ПиZдюль на этот раз получил не только я. Командир группы капитан Езепчук на вечерней поверке после традиционного вступления «Товарищи солдаты! Вы опустились ниже канализации!», долго и с глубоким чувством рассказывал, что он думает по поводу меня, рядового Егорова, его мамы, жены, бабушки, особиста Лысенко, и того военкома, которому пришло в башку призвать рядового Егорова на его капитанскую голову. Этот жуткий винегрет он закончил фразой «Письмо солдата - это лицо армии! А у нас что получается? Открывает мама письмо Егорова, а там - ж0па!»

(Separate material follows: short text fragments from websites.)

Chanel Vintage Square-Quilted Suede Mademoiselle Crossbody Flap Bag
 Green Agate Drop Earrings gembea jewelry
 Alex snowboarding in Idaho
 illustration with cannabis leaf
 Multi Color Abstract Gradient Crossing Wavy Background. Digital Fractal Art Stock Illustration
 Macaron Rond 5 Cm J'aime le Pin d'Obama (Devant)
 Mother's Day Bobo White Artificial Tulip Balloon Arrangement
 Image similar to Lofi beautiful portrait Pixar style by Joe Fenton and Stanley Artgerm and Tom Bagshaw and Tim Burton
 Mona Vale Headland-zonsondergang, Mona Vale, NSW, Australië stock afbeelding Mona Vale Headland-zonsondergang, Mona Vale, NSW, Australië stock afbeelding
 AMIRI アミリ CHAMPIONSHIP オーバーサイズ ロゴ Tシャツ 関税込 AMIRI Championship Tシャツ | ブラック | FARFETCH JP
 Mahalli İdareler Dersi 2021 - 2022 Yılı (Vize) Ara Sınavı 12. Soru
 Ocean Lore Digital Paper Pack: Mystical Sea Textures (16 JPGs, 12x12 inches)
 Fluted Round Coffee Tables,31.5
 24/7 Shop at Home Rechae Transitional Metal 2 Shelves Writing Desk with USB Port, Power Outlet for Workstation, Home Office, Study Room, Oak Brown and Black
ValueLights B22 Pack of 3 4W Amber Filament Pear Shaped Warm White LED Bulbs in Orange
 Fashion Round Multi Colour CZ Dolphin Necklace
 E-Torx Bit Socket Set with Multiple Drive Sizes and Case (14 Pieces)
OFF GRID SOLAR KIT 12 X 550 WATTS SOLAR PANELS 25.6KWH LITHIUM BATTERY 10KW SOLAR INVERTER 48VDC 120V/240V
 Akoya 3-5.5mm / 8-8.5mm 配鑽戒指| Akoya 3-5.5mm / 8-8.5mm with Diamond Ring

Капитан Езепчук не подозревал, насколько он прав. Рядовой Егоров получил очередную вZъ#бку. Теперь перед отправкой письма я проверял конверт на просвет на наличие там рукописного текста. Все вроде успокоилось… Пока командир части не получил письмо от мамы рядового Егорова. Где та слезно просила объяснить, что происходит с ее сыном и что творится в нашей доблестной армии. Почему два месяца вместо писем от любимого сына она получала пустые листы, а потом вообще стал приходить какой-то бред? И в качестве примера прилагала одно из полученных писем.
Именно по этому письму, красный как рак, командир части, молотил со всей дури кулаком и орал: «Это что? Что это, я вас спрашиваю?»
На тетрадном листе в клетку в уголке мелко-мелко было написано: «** мая 1985г. Здравствуй мама. У меня все хорошо», a дальше крупным каллиграфическим почерком шло: «Тема: Работа В. И. Ленина «Детская болезнь «левизны» в коммунизме» Диктатура пролетариата есть самая свирепая, самая острая, самая беспощадная война нового класса…»
Было от чего обалдеть маме. Что делал этот гад? Он вырывал листы из своей тетради конспектов по политзанятиям и посылал домой. Лишь бы не писать.
Получили по полной программе все. Мне был обещан дембель в новогоднюю ночь и звание ефрейтора вместо старшего сержанта. Ситуация становилась угрожающей. Надо было принимать кардинальные меры. Теперь каждое воскресенье, когда вся казарма таращилась на самую популярную солдатскую передачу того времени под названием «Аэробика», из ленинской комнаты можно было услышать примерно следующее.
- Так! Ну что, солдат Егоров, готов? Поехали! «Здравствуйте, дорогие мои мама, жена Лена и сыночек Рома.
- Слышь, сержант! Может не надо вот этого… «дорогие» Они тогда точно не поверят, что я сам писал.
- Ладно. Значит так. «Здравствуйте мама, Лена и Рома!» Написал? «Пишет вам…командир отделения сержант Иванов»
- Щас получишь! Умник! «Пишет вам ваш сын, муж и оте…» - ладно, ладно. «Пишет вам Павел. У меня все хорошо» Написал? «Вчера я получил новое обмундирование…»
- Ну это-то зачем писать?
- Давай-давай! Значит пишешь на полстраницы про обмундирование. Как получал, как погоны пришивал. Потом про погоду наври чего нибудь. Чего я тебя учить должен, а? У кого из нас высшее образование? А я пока пойду аэробику посмотрю - мне уже вместо баб скоро будет сниться твоя мама с капитаном Езепчуком. Через полчаса приду, проверю. И что б не меньше трех страниц! Понял?
Теперь раз в неделю рядовой Егоров под мою диктовку писал письмо домой. Писать письма домой стало его не только законным правом, но и святой обязанностью.